One thing is clear: NFL teams are going to open their training camps. By the CBA, they have the authority to do so. What happens after that is more up in the air. Presumably, the vast majority of players will choose to show up. They will reserve the right to file grievances through the NFLPA about possible unsafe working conditions related to the prevention of the spread of the coronavirus.
Last week, during a conference call, DeMaurice Smith made it pretty clear that this was the case. By July 28, all teams’ training camps will or should be open unless the date ends up getting moved between now and then. But July 28 is the date to be on track to start the regular season on time.
One thing that Smith said was that NFL team doctors had expressed to the union their belief that it was generally safe, despite some reservations, for players to return to work. In spite of the fact that it was the executive director of the union conveying this message, however, it was difficult for players to take seriously.

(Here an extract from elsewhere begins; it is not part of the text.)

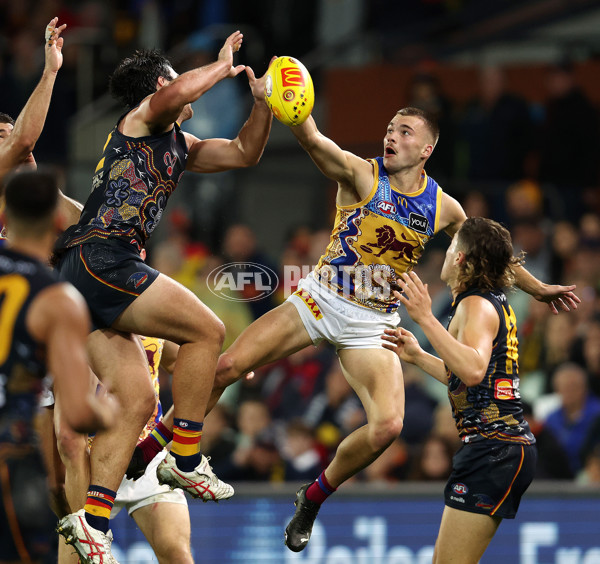 AFL 2023 Round 11 - Adelaide v Brisbane - A-1703567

Including Eric Ebron of the Pittsburgh Steelers, who retweeted a Pro Football Talk article highlighting Smith’s comments, saying that “we don’t even let ‘team’ doctors do our surgeries”, complete with a laughing-with-tears emoji, adding that it is “not credible”.
We don’t even let “Team” doctors do our surgeries. 😂 this not credible https://t.co/qGOmtxGuFb
— Eric Ebron (@Ebron85) July 17, 2020
NFL team doctors are organizational employees who work for the team. There have been many controversies with team doctors over the years, including the Pittsburgh Steelers. Former team physician Richard Rydze was sentenced to 10 years in prison for illegally distributing steroids, painkillers and HGH.
Separately, the Steelers and their medical and training staff were featured prominently in a lawsuit against the league filed by former players accusing team physicians of irresponsibly dispensing painkillers to players rather than actually treating them, without concern for their wellbeing. Among others, Glen Edwards, a safety from the 70s team, was a plaintiff. John Norwig and James Bradley were named in the lawsuit.
Last year, we saw former New York Jets guard Kelechi Osemele go rogue in getting a second opinion on his knee when the team’s doctor refused to recommend surgery. He got surgery on his own, and then the team released him.
Ebron has a bone to pick with the NFL on this topic as well. He contends that he played through last season with the Indianapolis Colts with a torn groin, and made the decision to have surgery before the season was over, with the team seemingly reluctant to go along with it.
A number of others players have also responded to this story voicing their concerns with the credibility of team doctors telling the players union that they think it’s fine, through humor. Some prominent players, such as former Raven tackle Eugene Monroe, have campaigned to reform the use of painkillers in the NFL.